Per tali ragioni, e stante l’applicabilità del disposto dell’art.109 cit., non rileva che l’Amministrazione non abbia seguito il procedimento richiesto dall’art. 37-bis per la contestazione al contribuente di fattispecie elusive.
19. Il settimo motivo è inammissibile perché riferito alla formulazione della disposizione dell’art.360, comma 1, n.5, abrogata e non applicabile alla fattispecie.
20. L’ottavo motivo è del pari inammissibile riproponendo lo stesso ritenuto vizio sotto l’apparenza dell’attuale dizione dell’art.360, n.5, cod. proc. civ.
21. Il nono motivo è inammissibile perché riferito alla formulazione della disposizione dell’art.360, comma 1, n.5, abrogata e non applicabile alla fattispecie.

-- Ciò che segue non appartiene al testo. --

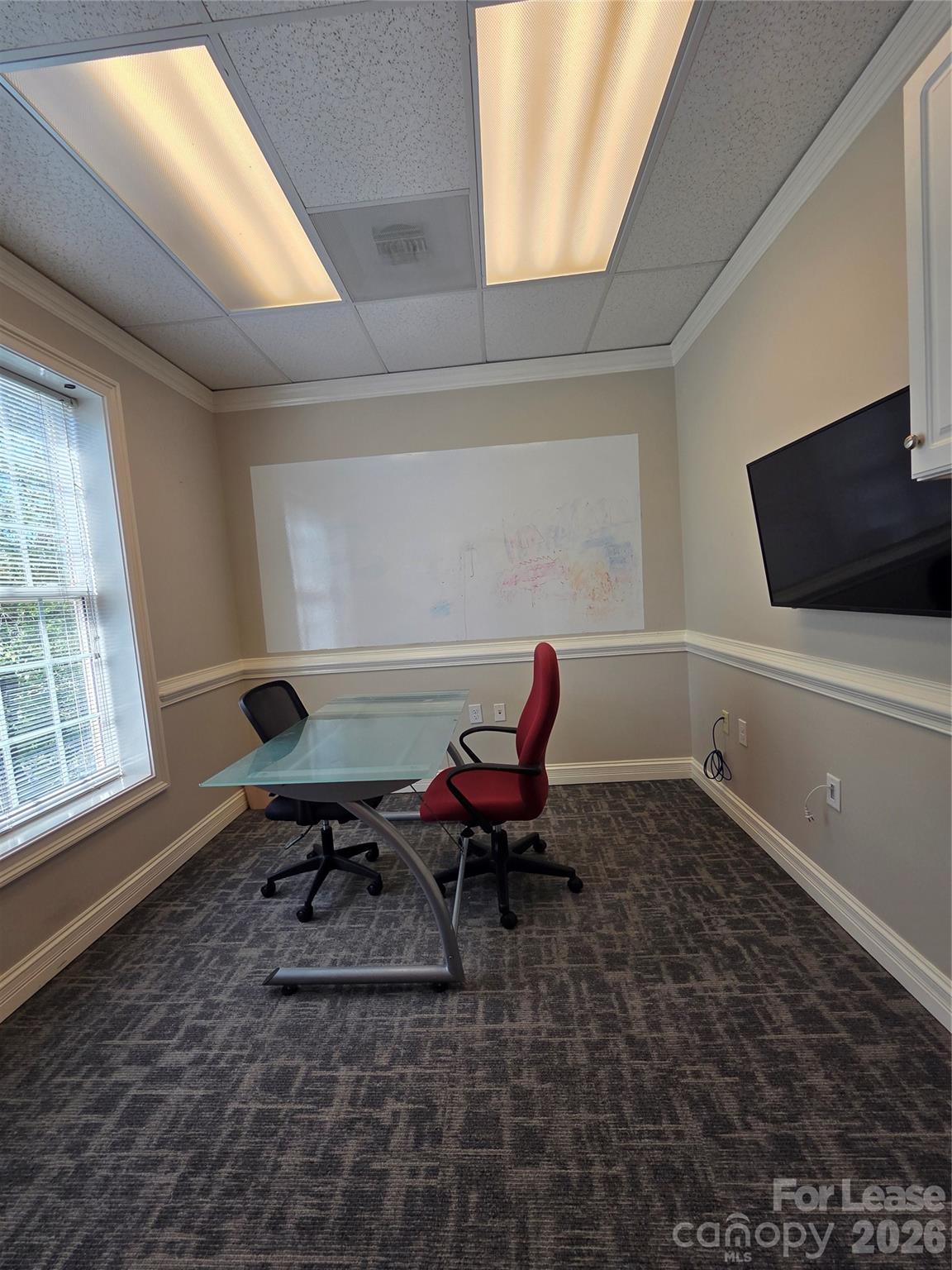 3121 Springbank Lane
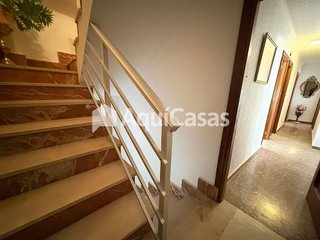 Edificio en venta en San Javier en San Javier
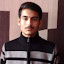 Rajeev Upadhyay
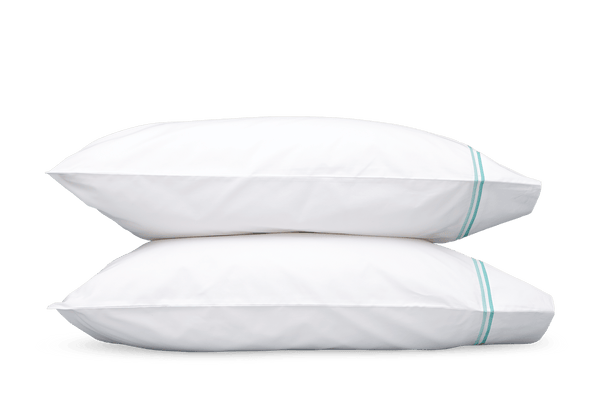Matouk Essex Pillowcases
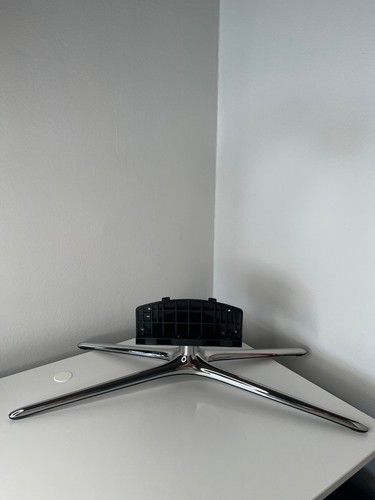 Samsung standfuß - samsung,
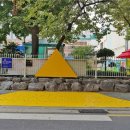 GS25구로성광점 이미지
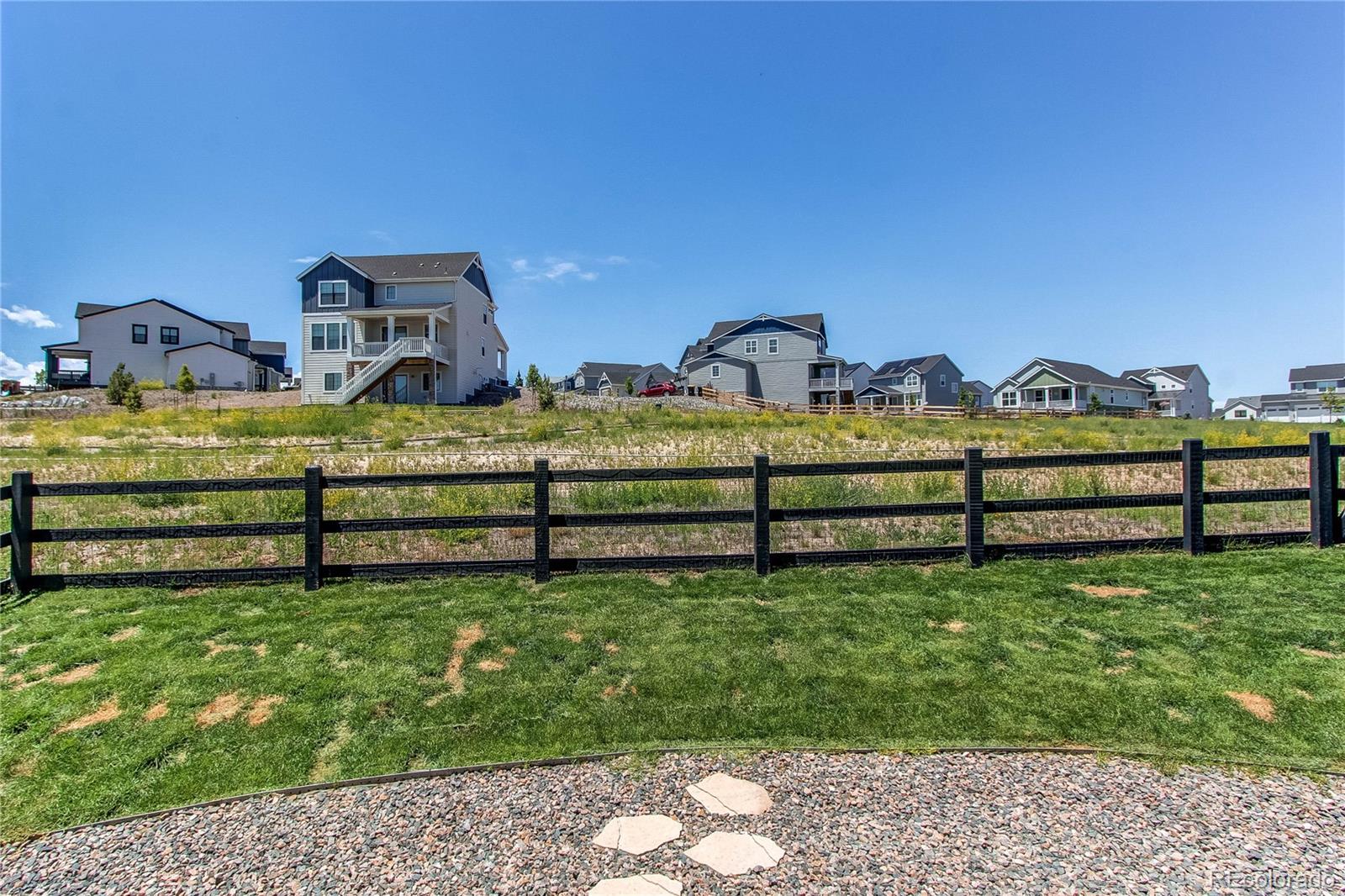 MLS Image #28 for 39167  braxton lane,elizabeth, Colorado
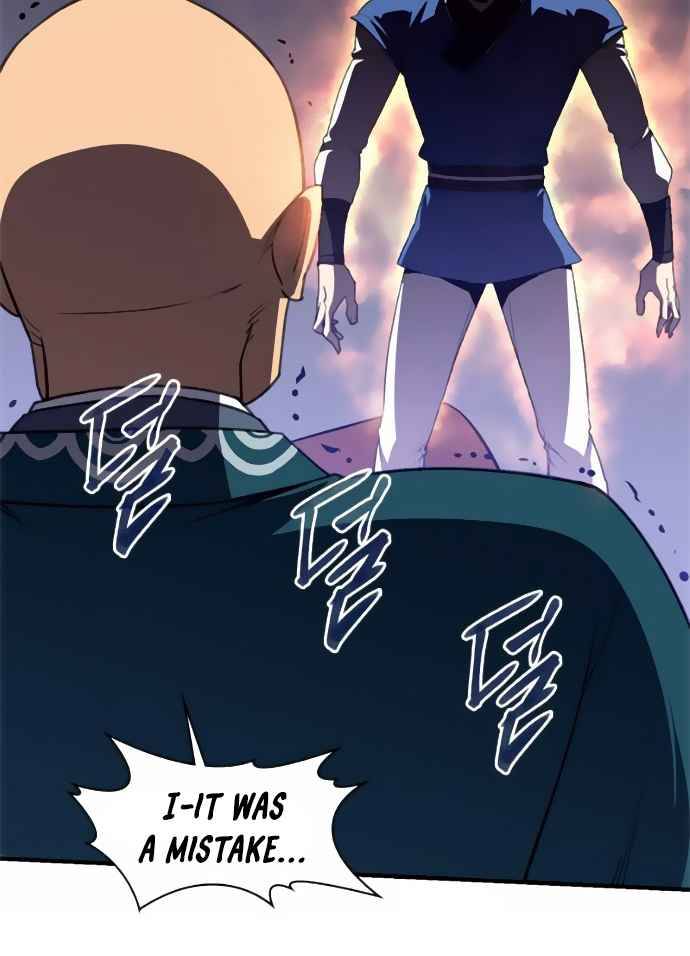Page 32 of Chapter 46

22. Il decimo motivo è del pari inammissibile riproponendo lo stesso ritenuto vizio di cui al motivo precedente sotto l’apparenza dell’attuale dizione dell’art.360, n.5, cod. proc. civ.
23. L’undecimo motivo è infondato in quanto le ragioni della domanda subordinata risultano motivate, seppur implicitamente, attraverso quelle stesse che hanno giustificato la reiezione della domanda principale.
24 Il duodecimo motivo risulta assorbito da quanto osservato al precedente motivo.
25 A questo punto il Collegio ritiene di rilevare, sulla base della specifica eccezione sollevata dalla parte, circa la sopravvenienza di lex mitior, rappresentata dal d. l. 24/09/2015, n.158, che all’art.15 determina, rispetto alla disciplina applicata di cui all’articolo 7 del Lgs. n. 471 del 1997, una minore sanzione, passata dal cento al novanta per cento della maggior imposta accertata.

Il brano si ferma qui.